**Directions for this task**
The answer should be the exact lines from the line containing "J&M LC390 Seed Tender" through the last line of the material below, with no pictures.

______

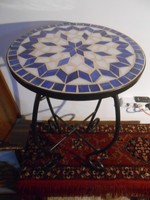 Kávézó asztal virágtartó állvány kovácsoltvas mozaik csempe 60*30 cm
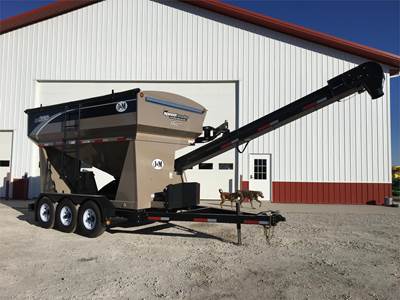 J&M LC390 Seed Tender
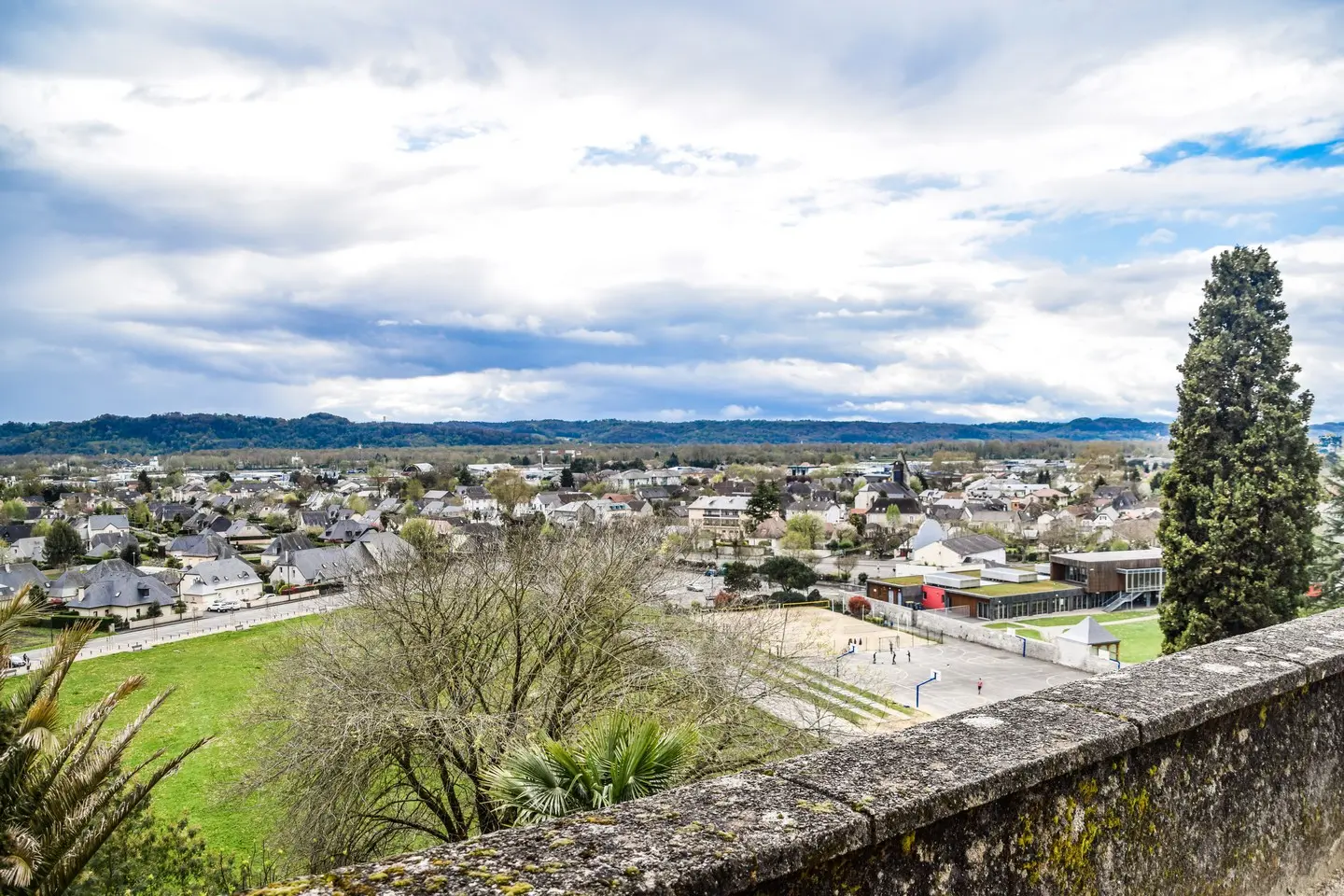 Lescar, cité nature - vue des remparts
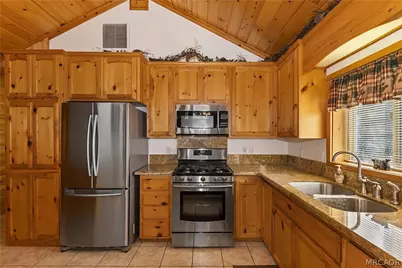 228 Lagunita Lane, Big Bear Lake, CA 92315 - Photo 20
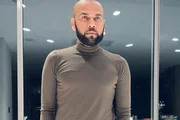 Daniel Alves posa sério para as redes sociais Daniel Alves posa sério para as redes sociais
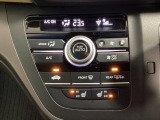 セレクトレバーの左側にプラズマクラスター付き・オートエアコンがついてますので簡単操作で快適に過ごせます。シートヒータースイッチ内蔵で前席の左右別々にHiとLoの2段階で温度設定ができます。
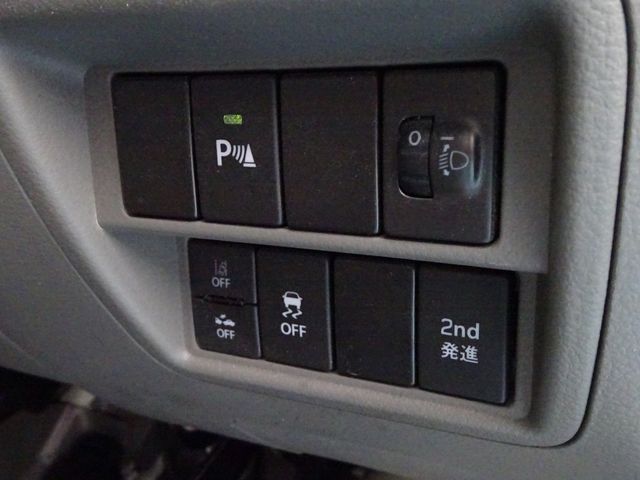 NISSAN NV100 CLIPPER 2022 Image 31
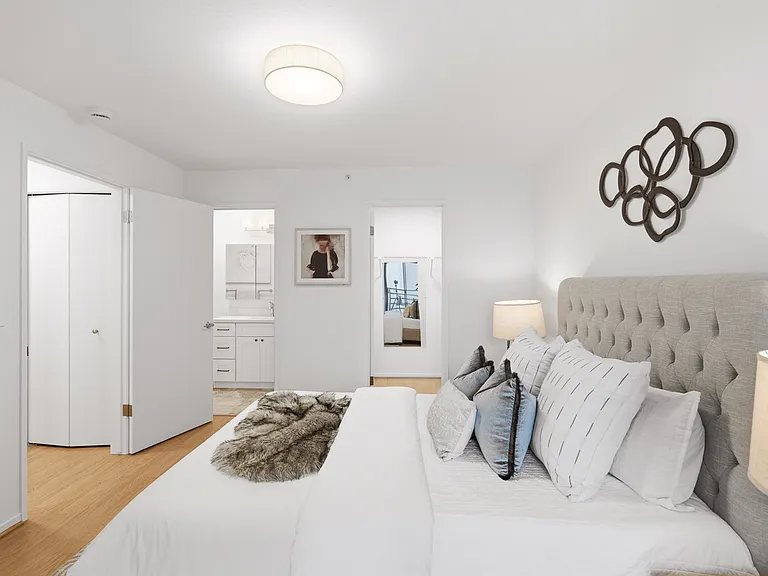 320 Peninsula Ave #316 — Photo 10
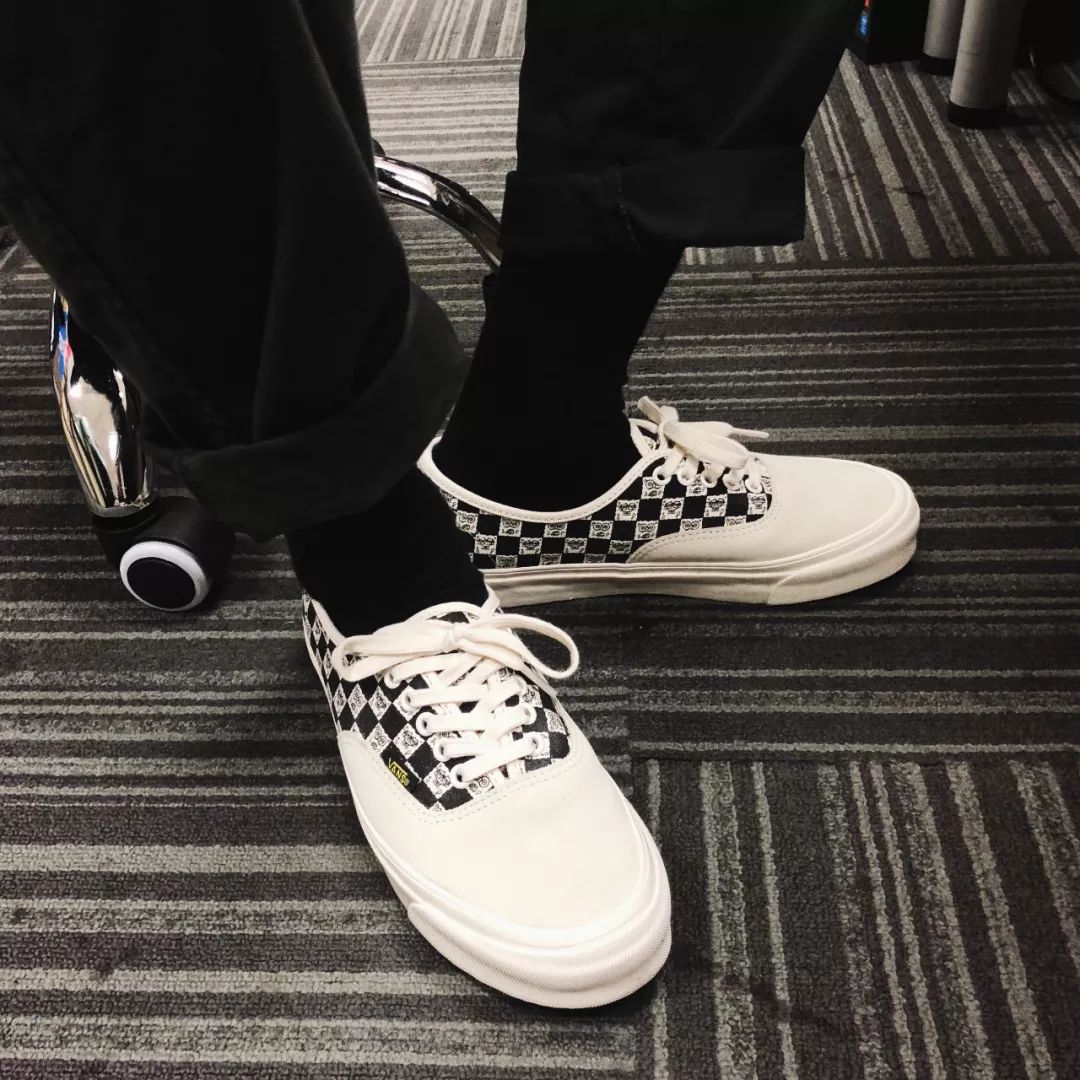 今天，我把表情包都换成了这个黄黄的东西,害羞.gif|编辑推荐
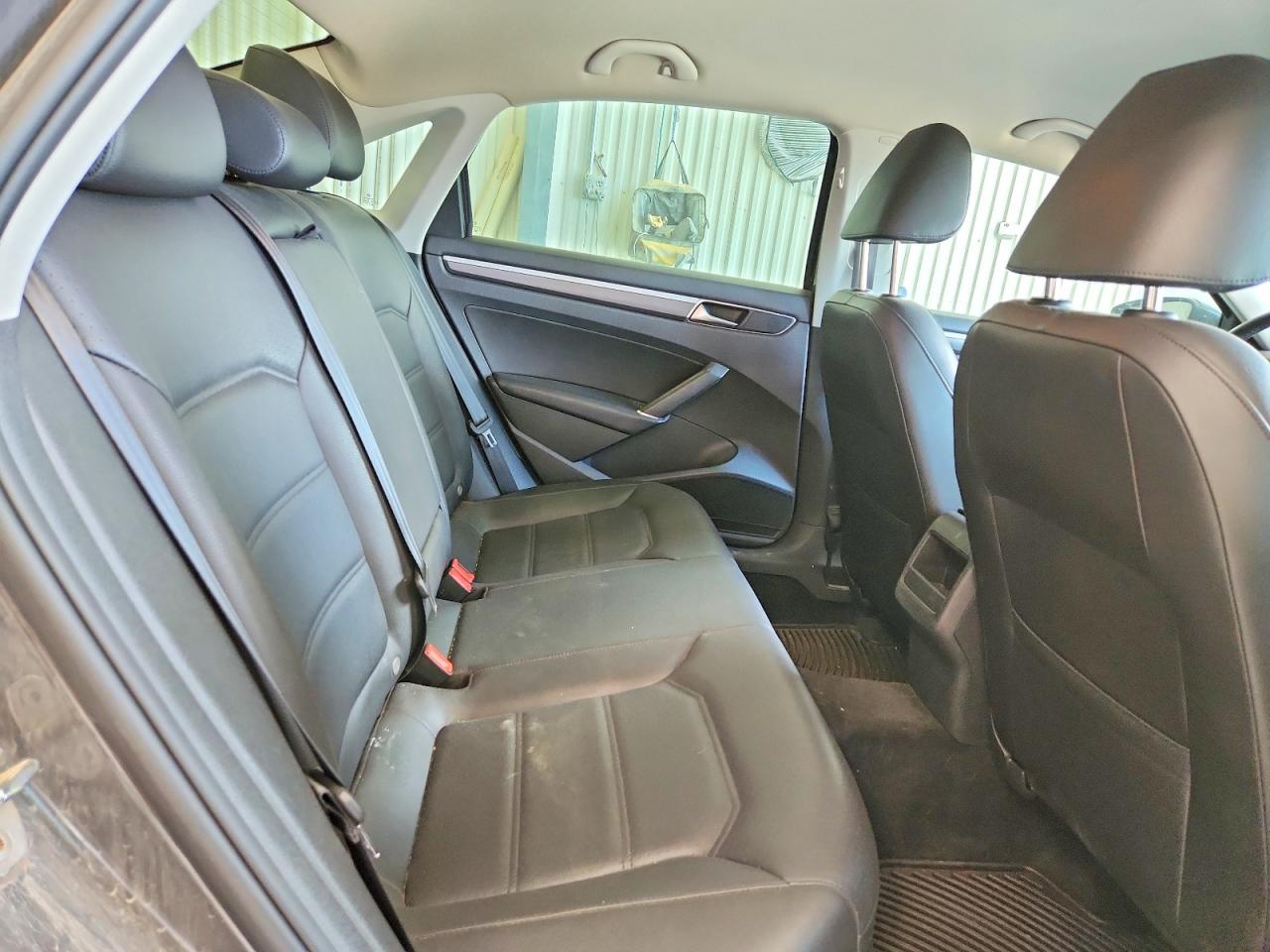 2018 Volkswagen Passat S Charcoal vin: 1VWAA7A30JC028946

______

**Finished task**
 J&M LC390 Seed Tender
 Lescar, cité nature - vue des remparts
 228 Lagunita Lane, Big Bear Lake, CA 92315 - Photo 20
 Daniel Alves posa sério para as redes sociais Daniel Alves posa sério para as redes sociais
 セレクトレバーの左側にプラズマクラスター付き・オートエアコンがついてますので簡単操作で快適に過ごせます。シートヒータースイッチ内蔵で前席の左右別々にHiとLoの2段階で温度設定ができます。
 NISSAN NV100 CLIPPER 2022 Image 31
 320 Peninsula Ave #316 — Photo 10
 今天，我把表情包都换成了这个黄黄的东西,害羞.gif|编辑推荐
 2018 Volkswagen Passat S Charcoal vin: 1VWAA7A30JC028946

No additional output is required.